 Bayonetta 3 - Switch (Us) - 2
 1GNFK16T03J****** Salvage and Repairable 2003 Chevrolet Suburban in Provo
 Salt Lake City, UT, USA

------------------------------------------------------------

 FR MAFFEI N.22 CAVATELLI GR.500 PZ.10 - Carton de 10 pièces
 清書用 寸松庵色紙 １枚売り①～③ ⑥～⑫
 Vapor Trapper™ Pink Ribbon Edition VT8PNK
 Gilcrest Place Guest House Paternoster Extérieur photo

------------------------------------------------------------

#### [Instructions to follow]
Please make an exact copy of the lines above from the line with "Bayonetta 3 - Switch (Us) - 2" through the line with "Salt Lake City, UT, USA", both ends included.

#### [Task solution]
 Bayonetta 3 - Switch (Us) - 2
 1GNFK16T03J****** Salvage and Repairable 2003 Chevrolet Suburban in Provo
 Salt Lake City, UT, USA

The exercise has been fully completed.